Assolutamente no, non è un fenomeno italiano o meglio solo italiano. Tant’è che la mia proposta ricalca quella quasi identica di uno scrittore statunitense che provocatoriamente ha lanciato l’idea di non insegnare più la letteratura nei licei e di sostituirne le lezioni con la lettura di 10 o 20 libri l’anno. D’altra parte anche in Europa la situazione non è delle più rosee, basti pensare alla grande condanna lanciata da Todorov a proposito della situazione culturale francese.

 

Una domanda che fa da contraltare alla sua proposta: c’è qualche cosa nell’attuale programma che invece cancellerebbe a prescindere dall’insegnamento?

 

 

Anche sotto questo aspetto le proposte si sono sprecate. Certo è che al disinteresse degli studenti si reagisce denunciando la mancanza di novità dei programmi. Io non sono di questo avviso. Secondo me non esiste un periodo o un movimento letterario che non andrebbe studiato. Nella letteratura come nell’arte in genere il metodo della preferenza è assolutamente valido. Ma dalla preferenza per determinate correnti o opere è possibile risalire a una visione totale della letteratura. Una lettura appassionata di Ungaretti ad esempio può avvicinare a una migliore comprensione del Barocco.

 

La sua è una proposta che interessa la scuola, ma è certamente orientata verso una preoccupazione culturale più generale. Perché dunque “prendersela” in particolare con l’istituzione scolastica?

 

In parte ho già risposto prima.

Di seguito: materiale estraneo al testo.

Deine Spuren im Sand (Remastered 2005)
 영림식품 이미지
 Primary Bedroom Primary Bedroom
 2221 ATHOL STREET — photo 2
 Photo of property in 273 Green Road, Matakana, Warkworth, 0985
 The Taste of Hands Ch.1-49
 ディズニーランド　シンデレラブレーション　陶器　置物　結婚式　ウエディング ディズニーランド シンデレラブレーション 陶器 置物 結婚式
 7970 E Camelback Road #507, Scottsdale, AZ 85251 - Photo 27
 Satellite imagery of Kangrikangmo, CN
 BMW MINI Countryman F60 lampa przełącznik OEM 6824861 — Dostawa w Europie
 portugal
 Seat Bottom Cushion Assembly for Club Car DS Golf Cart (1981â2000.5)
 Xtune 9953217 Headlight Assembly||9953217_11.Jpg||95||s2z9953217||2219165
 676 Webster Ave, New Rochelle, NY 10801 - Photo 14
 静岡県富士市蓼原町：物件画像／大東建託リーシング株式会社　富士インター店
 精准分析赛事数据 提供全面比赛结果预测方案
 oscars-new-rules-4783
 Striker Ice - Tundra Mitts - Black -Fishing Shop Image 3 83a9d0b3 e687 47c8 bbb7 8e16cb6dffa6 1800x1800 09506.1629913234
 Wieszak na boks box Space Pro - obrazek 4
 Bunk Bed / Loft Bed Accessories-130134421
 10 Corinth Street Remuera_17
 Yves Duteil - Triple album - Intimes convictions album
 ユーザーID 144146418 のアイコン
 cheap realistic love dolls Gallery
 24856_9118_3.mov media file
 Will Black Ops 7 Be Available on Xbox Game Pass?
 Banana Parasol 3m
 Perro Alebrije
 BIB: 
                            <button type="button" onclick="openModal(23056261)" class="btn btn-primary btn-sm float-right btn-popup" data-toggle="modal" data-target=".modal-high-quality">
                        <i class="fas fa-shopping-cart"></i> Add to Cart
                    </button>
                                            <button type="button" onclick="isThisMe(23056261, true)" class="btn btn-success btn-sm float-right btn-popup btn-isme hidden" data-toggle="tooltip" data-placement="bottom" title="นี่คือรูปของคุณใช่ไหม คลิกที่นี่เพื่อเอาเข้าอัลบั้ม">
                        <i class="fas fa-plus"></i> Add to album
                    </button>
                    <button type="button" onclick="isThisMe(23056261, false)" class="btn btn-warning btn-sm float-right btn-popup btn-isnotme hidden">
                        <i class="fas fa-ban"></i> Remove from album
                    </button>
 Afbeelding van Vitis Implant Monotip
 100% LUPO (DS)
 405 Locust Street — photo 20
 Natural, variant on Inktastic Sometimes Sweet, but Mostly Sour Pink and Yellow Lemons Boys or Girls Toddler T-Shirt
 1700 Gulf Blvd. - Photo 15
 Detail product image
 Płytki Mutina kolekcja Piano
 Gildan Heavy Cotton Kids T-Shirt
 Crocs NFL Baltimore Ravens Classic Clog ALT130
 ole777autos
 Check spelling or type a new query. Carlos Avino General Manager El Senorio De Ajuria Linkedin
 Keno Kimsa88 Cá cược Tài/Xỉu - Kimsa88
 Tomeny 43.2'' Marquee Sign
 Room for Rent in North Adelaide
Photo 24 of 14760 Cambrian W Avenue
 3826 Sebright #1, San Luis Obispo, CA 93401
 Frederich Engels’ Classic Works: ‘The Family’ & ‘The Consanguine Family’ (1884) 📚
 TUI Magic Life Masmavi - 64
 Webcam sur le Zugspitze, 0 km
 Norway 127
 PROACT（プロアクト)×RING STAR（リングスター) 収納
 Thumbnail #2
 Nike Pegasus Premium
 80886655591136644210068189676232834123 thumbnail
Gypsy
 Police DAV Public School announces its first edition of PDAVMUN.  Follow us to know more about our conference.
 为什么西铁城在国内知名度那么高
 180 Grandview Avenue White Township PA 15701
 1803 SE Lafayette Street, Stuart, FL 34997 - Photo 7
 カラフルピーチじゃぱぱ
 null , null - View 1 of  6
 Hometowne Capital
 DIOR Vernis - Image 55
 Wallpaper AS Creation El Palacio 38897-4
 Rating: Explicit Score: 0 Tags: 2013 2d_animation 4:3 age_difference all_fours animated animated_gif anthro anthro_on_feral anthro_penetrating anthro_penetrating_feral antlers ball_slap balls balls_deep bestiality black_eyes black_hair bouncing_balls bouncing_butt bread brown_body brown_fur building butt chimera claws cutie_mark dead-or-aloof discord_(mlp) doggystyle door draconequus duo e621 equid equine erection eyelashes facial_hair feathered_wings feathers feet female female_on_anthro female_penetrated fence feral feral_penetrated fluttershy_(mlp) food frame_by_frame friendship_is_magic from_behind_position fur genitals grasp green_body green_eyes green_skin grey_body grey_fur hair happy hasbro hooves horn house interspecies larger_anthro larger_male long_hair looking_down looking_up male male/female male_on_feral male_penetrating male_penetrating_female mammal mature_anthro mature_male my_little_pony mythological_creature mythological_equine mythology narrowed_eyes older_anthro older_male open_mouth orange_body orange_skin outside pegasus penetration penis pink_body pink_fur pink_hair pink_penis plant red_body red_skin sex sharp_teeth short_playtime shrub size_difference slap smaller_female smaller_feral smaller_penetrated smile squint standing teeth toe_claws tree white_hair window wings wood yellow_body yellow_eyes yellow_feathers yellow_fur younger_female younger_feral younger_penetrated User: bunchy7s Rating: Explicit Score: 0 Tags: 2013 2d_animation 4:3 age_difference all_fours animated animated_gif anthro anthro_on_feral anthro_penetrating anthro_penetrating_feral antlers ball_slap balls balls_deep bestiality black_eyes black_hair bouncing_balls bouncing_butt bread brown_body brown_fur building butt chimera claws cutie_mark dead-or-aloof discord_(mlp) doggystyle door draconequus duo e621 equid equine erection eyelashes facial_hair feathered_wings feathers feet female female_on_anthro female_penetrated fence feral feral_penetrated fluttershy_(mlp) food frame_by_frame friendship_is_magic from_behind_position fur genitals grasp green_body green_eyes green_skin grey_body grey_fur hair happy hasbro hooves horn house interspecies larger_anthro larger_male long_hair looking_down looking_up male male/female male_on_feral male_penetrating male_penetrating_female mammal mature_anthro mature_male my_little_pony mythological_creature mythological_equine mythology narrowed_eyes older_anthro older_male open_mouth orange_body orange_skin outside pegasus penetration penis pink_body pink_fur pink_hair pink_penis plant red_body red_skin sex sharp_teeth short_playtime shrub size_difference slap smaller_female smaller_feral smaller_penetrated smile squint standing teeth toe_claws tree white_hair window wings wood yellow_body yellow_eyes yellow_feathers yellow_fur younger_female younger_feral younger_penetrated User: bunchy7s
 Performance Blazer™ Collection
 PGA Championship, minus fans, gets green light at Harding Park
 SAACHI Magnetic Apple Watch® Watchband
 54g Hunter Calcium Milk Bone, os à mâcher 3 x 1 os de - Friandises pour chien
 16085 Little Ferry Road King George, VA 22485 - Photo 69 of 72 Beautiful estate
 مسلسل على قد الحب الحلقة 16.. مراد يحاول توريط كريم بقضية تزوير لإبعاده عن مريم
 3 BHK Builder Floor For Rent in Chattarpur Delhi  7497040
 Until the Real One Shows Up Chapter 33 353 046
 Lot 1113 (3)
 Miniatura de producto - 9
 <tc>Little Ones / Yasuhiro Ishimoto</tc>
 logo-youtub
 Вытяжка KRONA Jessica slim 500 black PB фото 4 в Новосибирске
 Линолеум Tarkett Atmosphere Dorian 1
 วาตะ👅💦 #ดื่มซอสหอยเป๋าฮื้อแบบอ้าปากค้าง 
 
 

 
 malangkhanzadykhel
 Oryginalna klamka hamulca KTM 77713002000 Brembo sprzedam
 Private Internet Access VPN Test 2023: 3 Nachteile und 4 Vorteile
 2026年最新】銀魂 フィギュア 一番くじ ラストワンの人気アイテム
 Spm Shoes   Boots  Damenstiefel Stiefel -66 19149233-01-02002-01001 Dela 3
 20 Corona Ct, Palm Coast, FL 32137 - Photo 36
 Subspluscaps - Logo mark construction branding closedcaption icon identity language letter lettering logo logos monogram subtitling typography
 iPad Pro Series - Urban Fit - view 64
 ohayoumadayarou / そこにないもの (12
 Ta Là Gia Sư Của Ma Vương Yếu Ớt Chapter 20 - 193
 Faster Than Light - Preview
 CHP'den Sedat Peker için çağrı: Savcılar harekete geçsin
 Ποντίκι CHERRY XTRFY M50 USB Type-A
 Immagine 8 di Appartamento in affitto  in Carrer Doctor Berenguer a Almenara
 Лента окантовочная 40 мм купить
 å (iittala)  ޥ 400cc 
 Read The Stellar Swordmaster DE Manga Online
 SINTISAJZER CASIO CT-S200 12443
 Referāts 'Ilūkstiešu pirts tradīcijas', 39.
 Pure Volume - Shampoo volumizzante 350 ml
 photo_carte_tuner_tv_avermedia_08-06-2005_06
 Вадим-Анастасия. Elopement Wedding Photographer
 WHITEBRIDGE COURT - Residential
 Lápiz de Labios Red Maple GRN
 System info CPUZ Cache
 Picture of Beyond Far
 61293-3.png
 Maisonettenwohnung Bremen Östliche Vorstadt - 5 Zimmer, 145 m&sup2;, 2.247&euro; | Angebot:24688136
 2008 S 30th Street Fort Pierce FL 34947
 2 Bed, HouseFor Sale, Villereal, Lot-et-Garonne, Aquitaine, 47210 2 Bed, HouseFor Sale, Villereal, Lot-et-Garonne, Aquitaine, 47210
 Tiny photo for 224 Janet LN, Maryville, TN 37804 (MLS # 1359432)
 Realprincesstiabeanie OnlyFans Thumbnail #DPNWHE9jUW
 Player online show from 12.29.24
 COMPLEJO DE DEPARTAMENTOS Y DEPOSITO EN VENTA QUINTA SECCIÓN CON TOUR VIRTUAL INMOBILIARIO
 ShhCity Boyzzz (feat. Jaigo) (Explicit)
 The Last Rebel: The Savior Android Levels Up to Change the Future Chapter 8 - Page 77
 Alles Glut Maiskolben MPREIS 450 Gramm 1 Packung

In realtà non me la prendo con la scuola e, lo ripeto, sono convinto che esistano moltissimi bravi professori. È vero che la scuola è però per la stragrande maggioranza dei casi il luogo della mortificazione della letteratura. Questo perché la scuola è caratterizzata da un immobilismo inguaribile, un luogo dove la preoccupazione professionale super di gran lunga quella educativa, dove il reclutamento degli insegnanti avviene attraverso dottorati, concorsi eccetera. Non farei la stessa proposta per l’insegnamento della matematica o della stessa grammatica italiana. Ma per la letteratura sì. Rendere di nuovo affascinanti Dante e Petrarca è un favore che si fa alla cultura italiana.